In 2007 we corresponded with some interesting people. We traded e-mails with James Howard Kunstler hoping to review his upcoming book, World Made by Hand, scheduled to be on shelves around March. We were not accepted this time, but still give the plug because his work is strong. E-mails were traded with Bill Settlemeyer, of The Charleston Regional Business Journal (Setcom Media) with kudos cast his way for splashing peak oil, global warming and great environmental debate amongst the pages of the business journal. It’s been time. We met Bitsy Parker of ValueWit, in Austin, TX through this blog. This femme-fireball blogger banned Christmas in her house and experiments on bus riding with children in tow and/or busy business luncheons scheduled. She found us and we’ve been comparing bus notes between Charleston and Austin ever since. Finally, The Mad Hatter of There Goes The Neighborhood, who also holds down the fort at Lowcountry Blog Jam (where he graciously accepted The Cosmopolitan Charlestonian’s inclusion on his blogroll) posted some inspirational thoughts and kept us going right at the beginning when it may have been easiest to quit. Thanks goes to the Hatter as well as Wendy who brought to our attention The Post & Courier’s blogroll so long ago. It’s a good one for staying up on what’s going down around town. Finally, friend, published writer and fellow blogger, Stacy Crew, provided great advice and inspiration. She can help with all your organizational needs.

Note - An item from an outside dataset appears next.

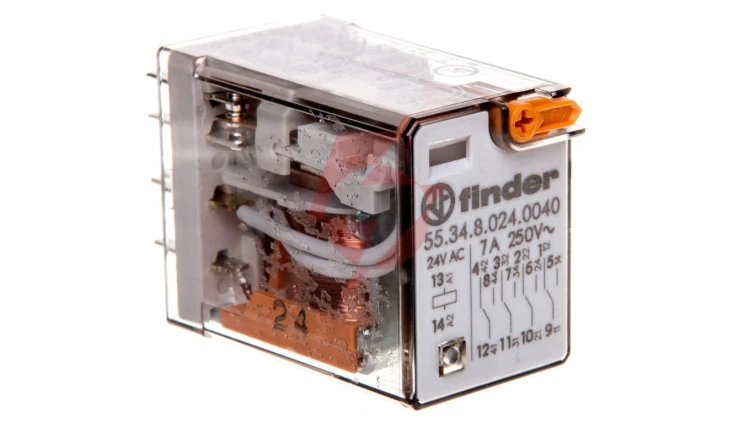 Przekaźnik miniaturowy 4P 7A 24V AC przycisk testujący mechaniczny wskaźnik zadziałania AgNi 55.34.8.024.0040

In one last random thought, we share that we are not very good at conserving water. We’ll get better in 2008. It’s a resolution at least. Since learning of a water crisis that is hitting most states in the union, we’ve tried to reduce excess water usage. Thought it would be a no-brainer until one finds themselves letting the shower warm up, running the water while brushing teeth, etc., etc. We’ll keep you posted on progress in future entries and provide further information on this additional limited resource.
As midnight draws near, we leave this posting with hope for the New Year. 2007 is running short on its own imperfect measurement. Time is simply the river on which all life flows. May we all appreciate every breath experienced on this earthy plane and draw on each moment with a greater consciousness for a greater good.
We most certainly live in interesting times.